I have an ndarray called “data” that I need to perform One Hot Encoding on for preparation that looks something like this but much longer.
| ID | DevID | Colour | Hours |
| ——– | ——– | ——– | ——– |
| 1 | 2342 | Black | 2344 |
| 2 | 5645 | White | 234 |
| 3 | 5673| Black | 952 |
| 4 | 2485| White | 7542 |
Obviously, The third column is the only categorical data in the table that needs to be encoded.
In order to encode it, I tried using this code snippet
ct = ColumnTransformer(transformers=[('encoder', OneHotEncoder(), [2])], remainder='passthrough')
data_encoded = scipy.sparse.csr_matrix(ct.fit_transform(data)).toarray()
However, this produces an error.
ValueError Traceback (most recent call last)
Cell In[187], line 2
1 ct = ColumnTransformer(transformers=[('encoder', OneHotEncoder(), [2])], remainder='passthrough')

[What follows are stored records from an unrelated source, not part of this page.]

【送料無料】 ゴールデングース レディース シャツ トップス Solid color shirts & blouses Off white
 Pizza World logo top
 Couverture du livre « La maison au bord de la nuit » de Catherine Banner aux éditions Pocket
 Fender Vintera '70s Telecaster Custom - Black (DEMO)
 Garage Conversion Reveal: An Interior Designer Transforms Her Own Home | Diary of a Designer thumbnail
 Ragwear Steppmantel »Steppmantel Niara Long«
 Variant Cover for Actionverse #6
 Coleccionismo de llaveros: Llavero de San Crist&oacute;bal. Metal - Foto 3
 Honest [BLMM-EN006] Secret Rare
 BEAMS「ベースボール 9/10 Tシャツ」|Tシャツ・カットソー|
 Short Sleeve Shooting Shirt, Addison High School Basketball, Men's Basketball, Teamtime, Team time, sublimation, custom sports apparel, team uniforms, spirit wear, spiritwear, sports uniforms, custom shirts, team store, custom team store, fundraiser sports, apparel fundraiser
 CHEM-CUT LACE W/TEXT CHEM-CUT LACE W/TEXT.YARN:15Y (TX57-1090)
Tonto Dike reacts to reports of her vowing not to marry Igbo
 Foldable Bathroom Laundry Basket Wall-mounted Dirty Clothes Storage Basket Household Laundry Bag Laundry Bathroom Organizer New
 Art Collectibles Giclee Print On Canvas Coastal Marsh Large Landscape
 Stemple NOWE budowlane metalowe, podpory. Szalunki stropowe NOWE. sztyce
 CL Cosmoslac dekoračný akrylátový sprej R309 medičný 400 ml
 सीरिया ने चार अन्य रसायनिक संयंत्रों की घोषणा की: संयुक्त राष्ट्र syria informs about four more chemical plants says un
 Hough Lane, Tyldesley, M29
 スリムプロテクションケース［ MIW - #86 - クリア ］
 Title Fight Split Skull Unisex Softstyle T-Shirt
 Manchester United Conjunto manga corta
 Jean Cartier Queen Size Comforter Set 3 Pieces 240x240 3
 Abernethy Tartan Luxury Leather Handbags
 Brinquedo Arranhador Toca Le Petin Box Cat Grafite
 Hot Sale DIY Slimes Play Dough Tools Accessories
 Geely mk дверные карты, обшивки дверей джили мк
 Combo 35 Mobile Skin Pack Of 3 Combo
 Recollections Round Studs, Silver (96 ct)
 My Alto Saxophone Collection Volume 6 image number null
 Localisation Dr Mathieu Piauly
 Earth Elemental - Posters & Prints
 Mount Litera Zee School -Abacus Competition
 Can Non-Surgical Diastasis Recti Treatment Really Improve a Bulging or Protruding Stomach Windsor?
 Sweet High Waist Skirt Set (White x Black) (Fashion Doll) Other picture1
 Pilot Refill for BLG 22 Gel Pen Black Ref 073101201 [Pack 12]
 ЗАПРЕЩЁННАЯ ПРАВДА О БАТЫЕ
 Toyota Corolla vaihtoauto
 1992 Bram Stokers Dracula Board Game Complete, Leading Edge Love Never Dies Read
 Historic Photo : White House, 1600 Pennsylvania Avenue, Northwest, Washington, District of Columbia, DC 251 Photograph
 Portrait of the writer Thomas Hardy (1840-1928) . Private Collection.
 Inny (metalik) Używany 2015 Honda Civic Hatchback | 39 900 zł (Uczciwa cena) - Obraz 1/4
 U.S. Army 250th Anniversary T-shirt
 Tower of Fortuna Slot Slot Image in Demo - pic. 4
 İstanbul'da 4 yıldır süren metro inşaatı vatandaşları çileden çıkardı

----> 2 data_encoded = scipy.sparse.csr_matrix(ct.fit_transform(data)).toarray()
File ~anaconda3envsit3102Libsite-packagesscipysparse_compressed.py:88, in _cs_matrix.__init__(self, arg1, shape, dtype, copy)
86 raise ValueError(msg) from e
87 coo = self._coo_container(arg1, dtype=dtype)
---> 88 arrays = coo._coo_to_compressed(self._swap)
89 self.indptr, self.indices, self.data, self._shape = arrays
91 # Read matrix dimensions given, if any
File ~anaconda3envsit3102Libsite-packagesscipysparse_coo.py:366, in _coo_base._coo_to_compressed(self, swap)
363 indices = np.empty_like(minor, dtype=idx_dtype)
364 data = np.empty_like(self.data, dtype=self.dtype)
--> 366 coo_tocsr(M, N, nnz, major, minor, self.data, indptr, indices, data)
367 return indptr, indices, data, self.shape
ValueError: unsupported data types in input
Weirdly the only way I’ve found that doesn’t throw this error is including column 4 in addition to column 3. This isn’t what I want since column 4 isn’t categorical, but the code refuses to run without it.
ct = ColumnTransformer(transformers=[('encoder', OneHotEncoder(), [2,3])], remainder='passthrough')
For some reason only column 4 needs to be added and not the first 2 columns despite both having the same data types in all the rows.
I’ve checked column 4 and confirmed that weren’t any signs of NaNs or stray strings in any row, so I’m unsure why column 4 specifically needs to be added to the encoded columns in the code for it to work.